I apologize I was not clear enough - I mean you have to logon interactively using that account, configure the default printer, logout, and then run your service

mfeingold
Yes, in fact this already worked for me. GUI applications run just fine under logged in accounts as I mentioned in the 3rd paragraph. But I can't rely on an opened user session because the user might eventually decide to log off or just forget to log in.
Leonid
@Leonid: your service runs in its own login session, not the interactive session, so it doesn't matter if the user logs out.
Ben Voigt
Thank you, Ben. In fact, last week I figured my problem wasn't in FF inability to print when launched under an inactive account, but in a modal dialog window that I couldn't see as it was running in service mode.. Now it works under any account except LocalSystem. It still complains about inability to find any printer (even though I'm using a virtual one - see my other comment about cmdlnprint FF addon).
Leonid
+6  A: 

You might want to try a different approach where you'd include some .NET PDF library (PDFsharp is a good, open source, choice) in your project and than use that in conjuction with WebBrowser control you'd also include in your project to render the PDF.

Don't forget to use STAThread attribute if you try this.

kzen
+1 Seriously, as kzen mentions, you really should consider using a component that creates pdfs, not opening a GUI app to do it. If this can be invoked by multiple users, then you are begging for trouble. Most GUI apps just aren't build for this scenario and many people have gone down this road only to run into contention issues.Not to shill for them, but Aspose has a number of components built for this sort of scenario as another candidate to PDFSharp. I also always ask "Why PDF"? It is such a default answer for people that they often don't ask whether an easier format is ok.
Jim Leonardo
Without knowing what the original poster wants, this solution wouldn't work in a "browsershots" kind of situation. If the point of the project is to get an overview of what a page looks like, using a PDF-generator isn't quite the answer.
Christian W
You're right, Christian. The problem is that I need to make valid rendering of possibly a flash and js-enabled page first before saving the result to PDF. That means I should either stick with an existing engine like Gecko or Webkit or write it myself. Fortunately FF with a 'cmdlnprint' add-on solves both problems. But running this bundle as a service is the main challenge.
Leonid
A: 

A couple of year ago I had a related issue: Shared Network Printer on pseudo-device starting up Ghostscript for PS->PCL translation and printing to real printer. The print-spooler service ran as Local System and the pseudo-device driver hat troubles executing Ghostscript from the service-mode.
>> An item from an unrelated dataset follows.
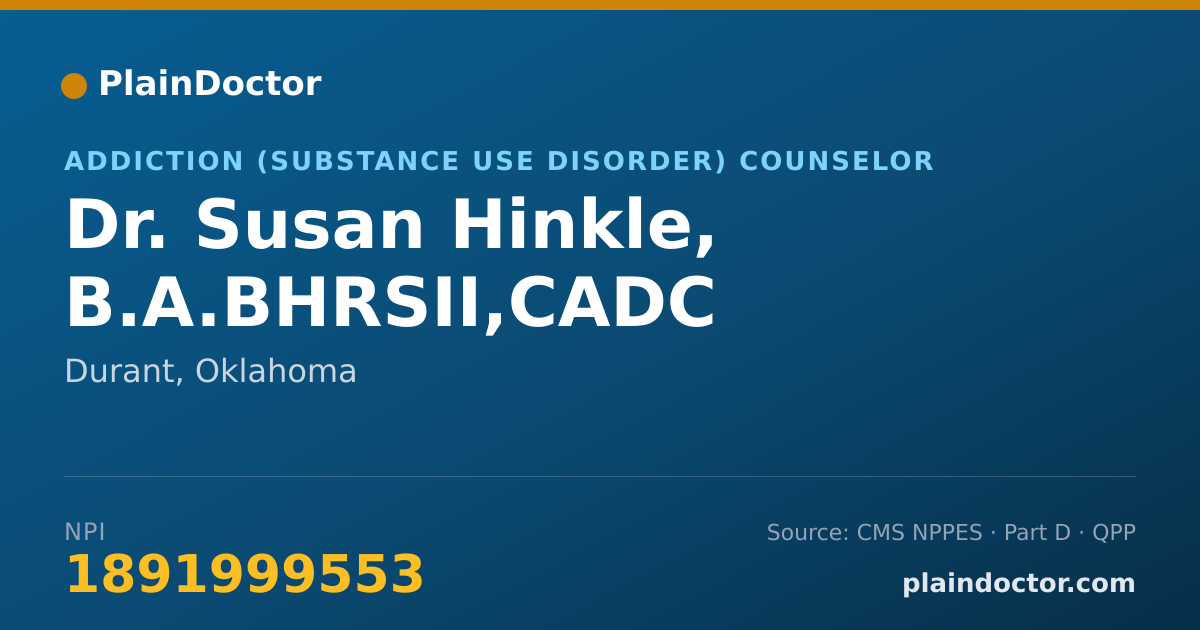 Shareable card for Susan Hinkle, B.A.BHRSII,CADC - Addiction (Substance Use Disorder) Counselor, Durant, OK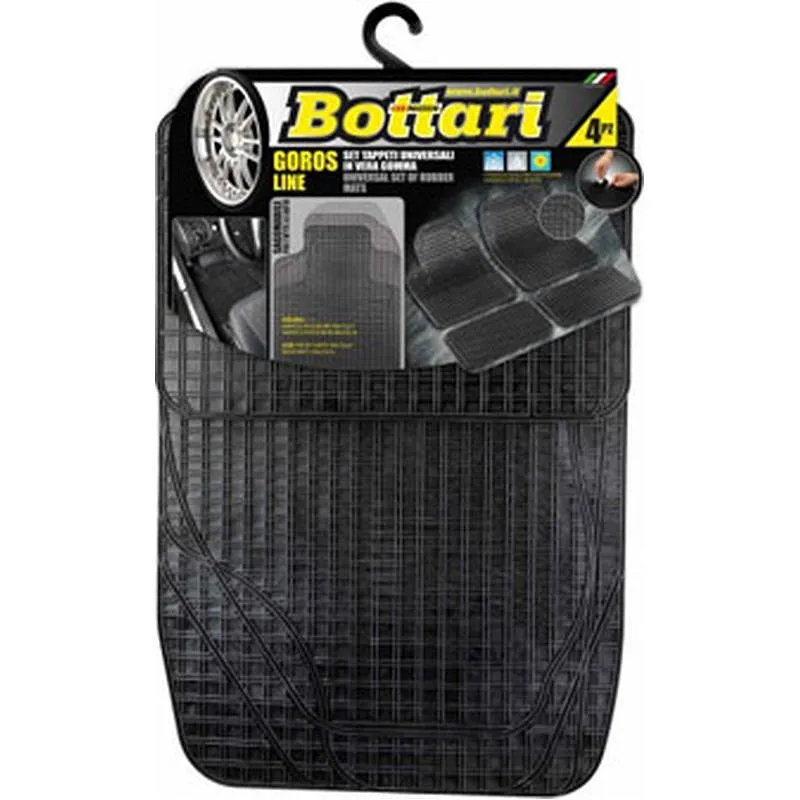 Compra ALFOMBRA AUTOMOVIL RECORTABLE GOMA NE 4 PZ BOTTARI 14043 al mejor precio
I was able to solve the problem by copying a couple of registry keys from the HKCU-hive to HKLM.

edgar.holleis
thank you, Edgar. This seems like a good idea, but I'm trying to be as little invasive to the user's env as possible.
Leonid
A: 

Can you run the program as a Scheduled Task instead? The task can be assigned to a given user account which should work around the service limitations.

qor72
since I figured that the problem wasn't really with account permissions, but with an invisible modal dialog, this is not an issue anymore. However I believe this might work too.